TASK INSTRUCTIONS: Would you restate each line of the data below word for word, without its pictures?

DATASET EXCERPT:
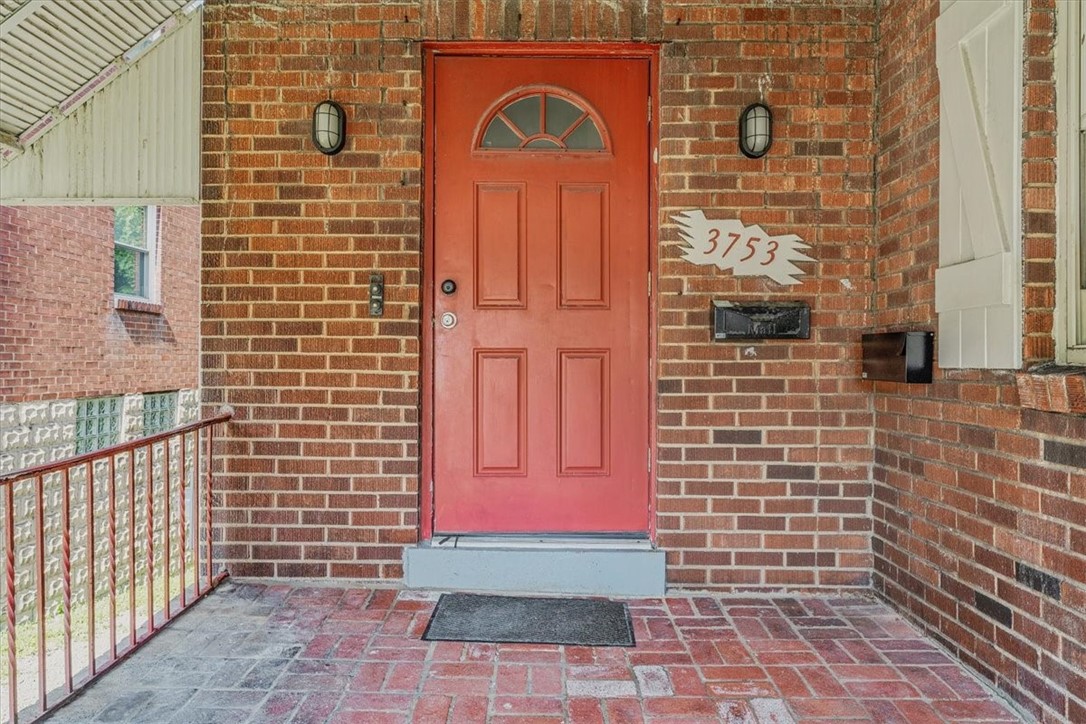 3753 Brownsville Rd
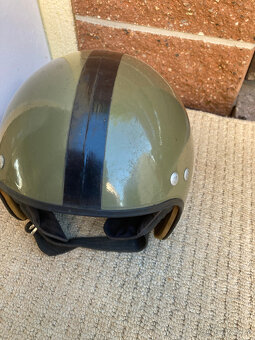 Přilba vojenská na motorku stará za 700 kč - 3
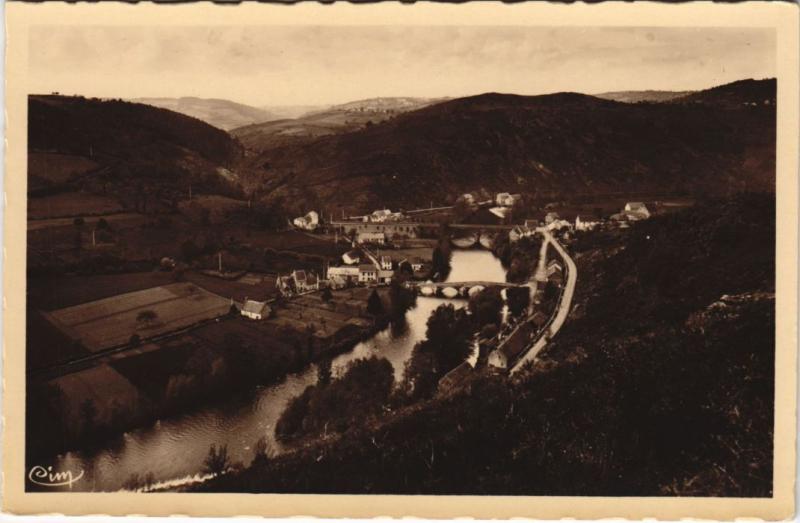 Carte postale ancienne Menat Le Pont de Menat à Menat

ANSWER TO THIS TASK:
 3753 Brownsville Rd
 Přilba vojenská na motorku stará za 700 kč - 3
 Carte postale ancienne Menat Le Pont de Menat à Menat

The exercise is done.